Subsampling Noisy Signals with a Deadband
A vibration sensor sampling at 20 kHz produces 1.7 billion readings a day. Most of those readings carry no new information — the signal is sitting on its noise floor. The trick is keeping the samples that depart from the noise and dropping the ones that don’t, without having to pick a threshold by hand for every signal in the plant.
The first reach is usually fixed-rate subsampling: keep every Nth sample, drop the rest. One node, zero tuning, which is exactly why it’s so common. Here’s what that looks like on a test signal with a quiet baseline, three brief pulses, a slow ramp, and a noisier settling regime.
flow('fixed-rate-subsample')
.passIf('every5', (msg, counter) => (msg.index % 5) === 0)
.run()Drag the slider and watch the reconstruction.
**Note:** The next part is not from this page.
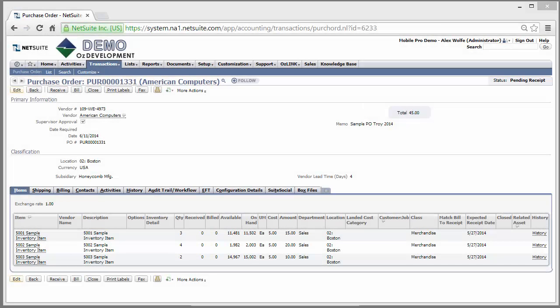Welcome to the OSLINK Mobile Pro demonstration on receiving purchase orders with NetSuite. Here we're looking at a purchase order that is pending receipt inside of my NetSuite environment.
Fixed-rate keeps the same 20% of samples regardless of what the signal is doing.
Fixed-rate is blind to where the events actually are. It drops through the pulses — three events of five samples each are almost entirely thrown away — and it keeps samples in the quiet baseline just as densely as it does in the noisy regime. The reconstruction cannot recover what the gate discarded.
The fix is an adaptive deadband. Run an esStats node to estimate
the local noise, then use passIf with a predicate that keeps the
sample only when its deviation from the running mean exceeds K times
the local stdev. The threshold breathes with the signal — tight when
quiet, wide when noisy — and the gate concentrates its budget where
the information actually is.
flow('subsample-deadband')
.sanitize('sane', 'value', { failureReason: 'failReason' },
{ ranges: { value: { min: -50, max: 50 } } })
.median3('m3', 'value', { median3: 'smoothed' })
.esStats('stats', 'smoothed',
{ mean: 'mean', stdev: 'stdev' },
{ halfLife: 50 })
.passIf('keep', (msg, counter) =>
((msg.index % 10) === 0) ||
(Math.abs(msg.value - msg.mean) > 1.25 * msg.stdev))
.run()Drag the slider again and compare: the kept-sample dots now cluster on the pulses, on the top of the ramp, and on the larger excursions in the noisy regime. Nothing is wasted on the quiet baseline.
What You’re Seeing
Both demos run over the same four-region signal: a quiet baseline, three brief pulses, a slow upward ramp, and a noisier settling regime at a new level. The slate line is the raw signal; the orange line is the linear-interpolation reconstruction between consecutive kept samples — the signal a downstream consumer would see if it only stored the amber-dot points.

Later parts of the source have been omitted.